Forward-backward quasi-Newton methods for nonsmooth optimization problems

Stella, Lorenzo; Themelis, Andreas; Patrinos, Panos

doi:10.1007/s10589-017-9912-y

Forward-backward quasi-Newton methods for nonsmooth optimization problems

Author:

Stella, Lorenzo

Themelis, Andreas ; Patrinos, Panos

Keywords:

SISTA, Science & Technology, Technology, Physical Sciences, Operations Research & Management Science, Mathematics, Applied, Mathematics, Nonsmooth optimization, Forward-backward splitting, Line-search methods, Quasi-Newton, Kurdyka-Lojasiewicz, BFGS METHOD, SUPERLINEAR CONVERGENCE, PROXIMAL ALGORITHM, GLOBAL CONVERGENCE, DESCENT METHODS, NONCONVEX, MINIMIZATION, INEQUALITY, SHRINKAGE, SUM, math.OC, 0102 Applied Mathematics, 0103 Numerical and Computational Mathematics, Operations Research, 4901 Applied mathematics, 4903 Numerical and computational mathematics

Abstract:

© 2017, Springer Science+Business Media New York. The forward–backward splitting method (FBS) for minimizing a nonsmooth composite function can be interpreted as a (variable-metric) gradient method over a continuously differentiable function which we call forward–backward envelope (FBE). This allows to extend algorithms for smooth unconstrained optimization and apply them to nonsmooth (possibly constrained) problems. Since the FBE can be computed by simply evaluating forward–backward steps, the resulting methods rely on a similar black-box oracle as FBS. We propose an algorithmic scheme that enjoys the same global convergence properties of FBS when the problem is convex, or when the objective function possesses the Kurdyka–Łojasiewicz property at its critical points.

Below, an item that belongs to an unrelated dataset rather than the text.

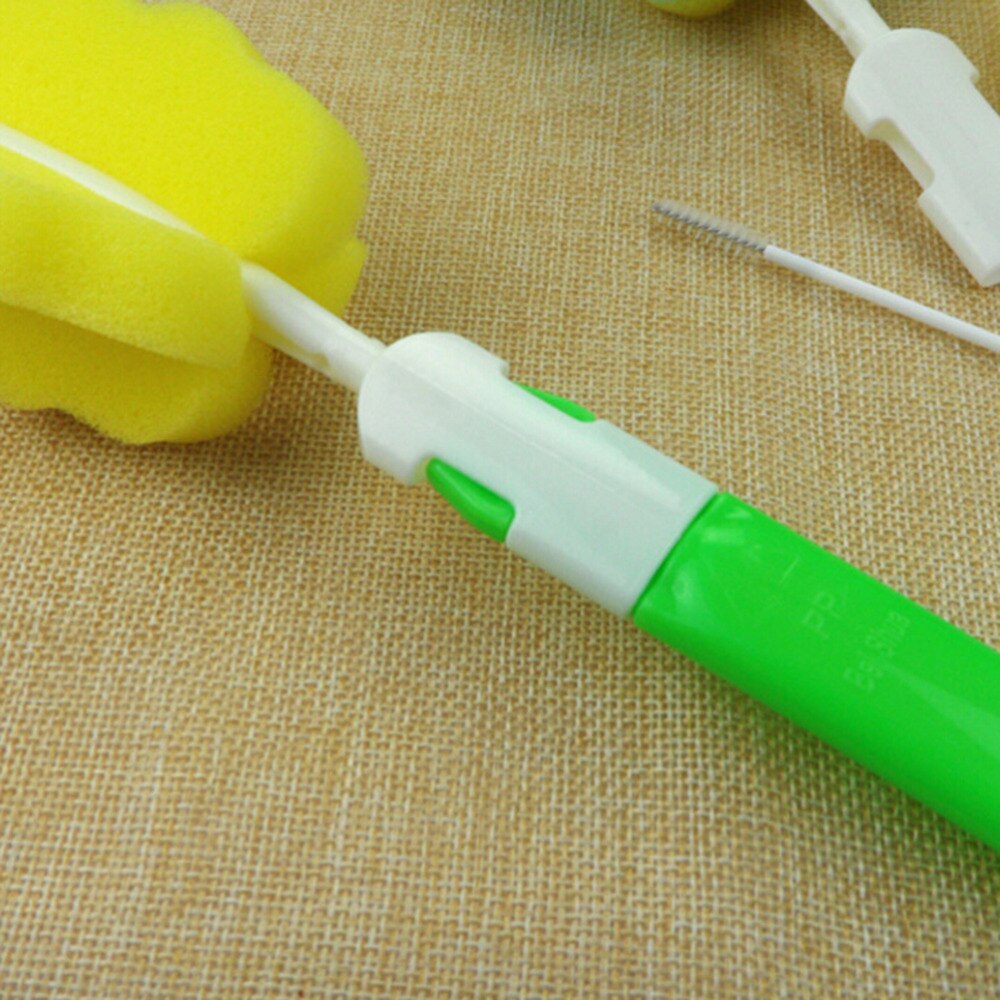 4pcs/lot Detachable Bottle Clean Brush Sponge Plastic Spout Tube Milk Water Newborn Baby Sponge Bottle Cleaner Brush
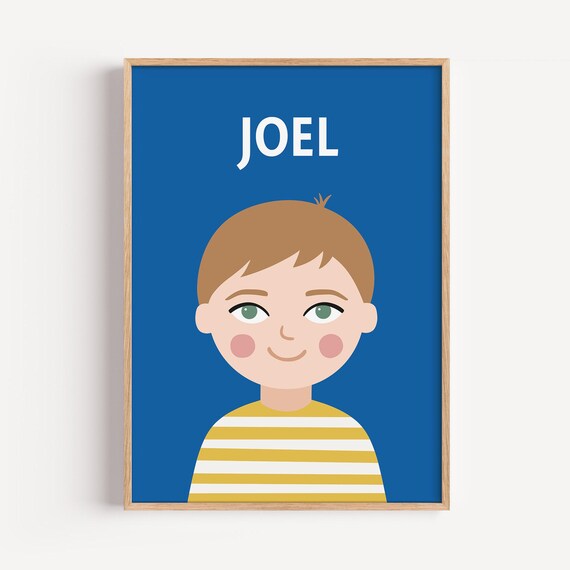 Personalized Boys Name Poster With Cartoon Boy in Yellow Stripes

Moreover, when using quasi-Newton directions the proposed method achieves superlinear convergence provided that usual second-order sufficiency conditions on the FBE hold at the limit point of the generated sequence. Such conditions translate into milder requirements on the original function involving generalized second-order differentiability. We show that BFGS fits our framework and that the limited-memory variant L-BFGS is well suited for large-scale problems, greatly outperforming FBS or its accelerated version in practice, as well as ADMM and other problem-specific solvers. The analysis of superlinear convergence is based on an extension of the Dennis and Moré theorem for the proposed algorithmic scheme.